LAS VEGAS (KLAS) — The Formula One circus arrives in Las Vegas in three weeks. While you may have seen NASCAR haulers roam up Las Vegas Boulevard for their races, it’s nothing compared to a U.S. Grand Prix.
Even on a regular day, Harry Reid International Airport is one of the top 10 busiest airports in the country. Planes fill the gates, visitors fill the terminals. It’s all part of the routine of mass transit. But there’s nothing routine about Formula One racing.
“The focus is everywhere. We’re going to have all hands on deck,” James Chrisley said.
He is the senior director of aviation for Clark County. He and his staff have worked for months to prepare for Formula One.
“We know what F1 attracts. The kind of visitor. The kind of ticket holder. It’s a higher-end crowd. We’re expecting to be at capacity,” he said.

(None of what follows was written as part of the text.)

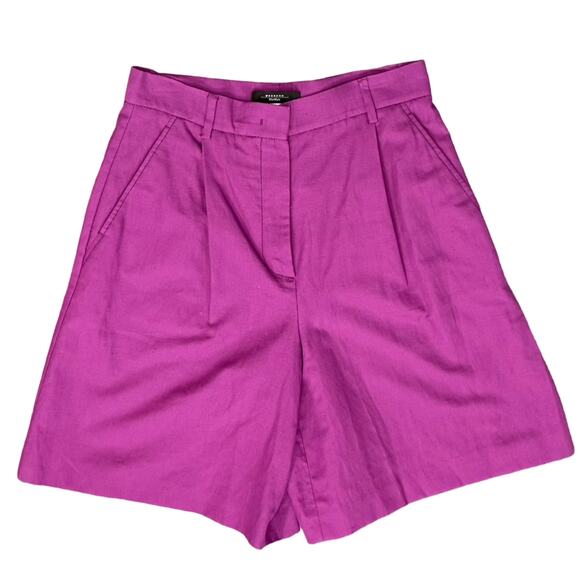 Max Mara Weekend Fuchsia Plum Purple Pleated Linen Blend Bermuda Shorts size 8 - Picture 2 of 9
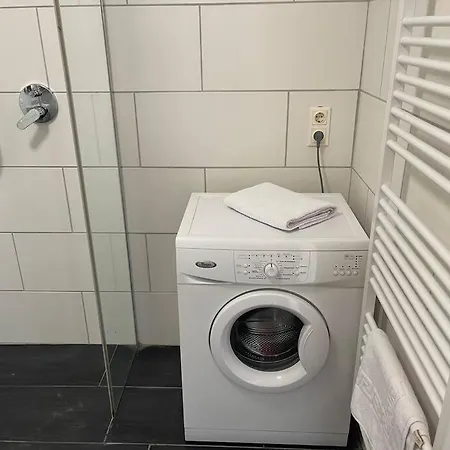 Dachgeschoss Fuer 4 Mit Terrasse Apartment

Staff visited other races on the Grand Prix calendar. They were already planning for the Super Bowl in February. Consider this a huge, dry run.
“There’s pressure to make sure our plan goes smoothly and we’re ready to react when things don’t go so smoothly,” Chrisley said.
But it’s more than just commuter planes. Private jets from around the world started reserving spots months ago. Much of that traffic is shifting to Henderson’s Executive Airport.
At Reid, a huge task involves handling cargo jets. Eight wide-body jets take Formula One from race to race.
“747, 777’s of cargo that have to come in prior to the race with cars, the pit equipment, the computers, everything is a traveling show,” Chrisley explained.
Clark County is bringing in temporary staff to help F1 teams do their business. Luckily, the airport is not too far from the course. That will come in handy when the real test comes after the checkered flag.
“The hot track ends at 2 a.m. on Sunday morning. The next race is the following Sunday in Abu Dhabi.”
It’ll be a hustle to get F1 in and out of Las Vegas. The airport has a race of its own.
“Oh yeah, we’re ready. We’re ready,” Chrisley said.
Earlier this year, Henderson Executive Airport finished its expansion. Chrisley says that will help with the crush of private jets scheduled for Formula One. The $9 million project started in 2022.